I work for a digital marketing agency - but as far as I know we haven't had any indie game teams as clients, and what works for one industry won't necessarily work for another. I know this doesn't answer your question, but maybe this can provide some context for other answers:

Ultimately it comes down to identifying your goal(s) (usually sales, downloads, etc.) and driving traffic to your site/fb/app store page to meet those goals. That makes it sound a little sterile but ultimately there are people out there looking for games, so it's worth putting some thought into where those people are looking, what they're looking for, etc. so they can find you.

Some basics: Analytics: Plug google tag manager into your site, then add google analytics via tag manager.
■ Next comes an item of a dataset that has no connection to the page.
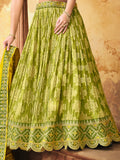 Fern Green Lehenga Choli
Do this first so you can see improvement.

Do some keyword research: Google's keyword planner is the de facto free tool to use for this. Make a list of terms that are relevant to you. Aim for high search volume, low competition. You'll refer back to this research in pretty much everything else you do.

Optimize your site for SEO: make sure the H1s, titles, content, etc. are relevant for the terms/phrases you researched.

Publish content: Write blogs, generate art, trailers, spotlights, etc. Create a calendar of content to publish. Try to squeeze as much out of each piece of content as possible (post it to various mediums, repost it after a month or two if relevant, experiment to see what is effective). For blog topics: could be on the tools your team uses, reflections on the dev process, a review of concept art -> finished product, etc.

Network: Get backlinks (links from other sites back to your site). It's probably the most important thing you can do, but also tends to be the most difficult. Offer to write guest blogs, do interviews, QAs, press releases, etc.

PPC (pay-per-click) ads: PPC usually means google ads - you'll write ads and bid for keywords, people will see them when they search for those keywords, then you pay when they click the ad. Great if you can get it to a point where $1 in equals $2 out, but can take a little (or a lot) of work to tweak the audience, keywords, etc. to get it to convert right.

If you (or other indie game folks for that matter) are interested, I'd be down to swap marketing work if you'd let me write up a case study about the project. It's worth it for us to get the experience in a relatively unknown vertical, and in the end it's a piece of content we can potentially publish elsewhere for mutual benefit. Just a thought.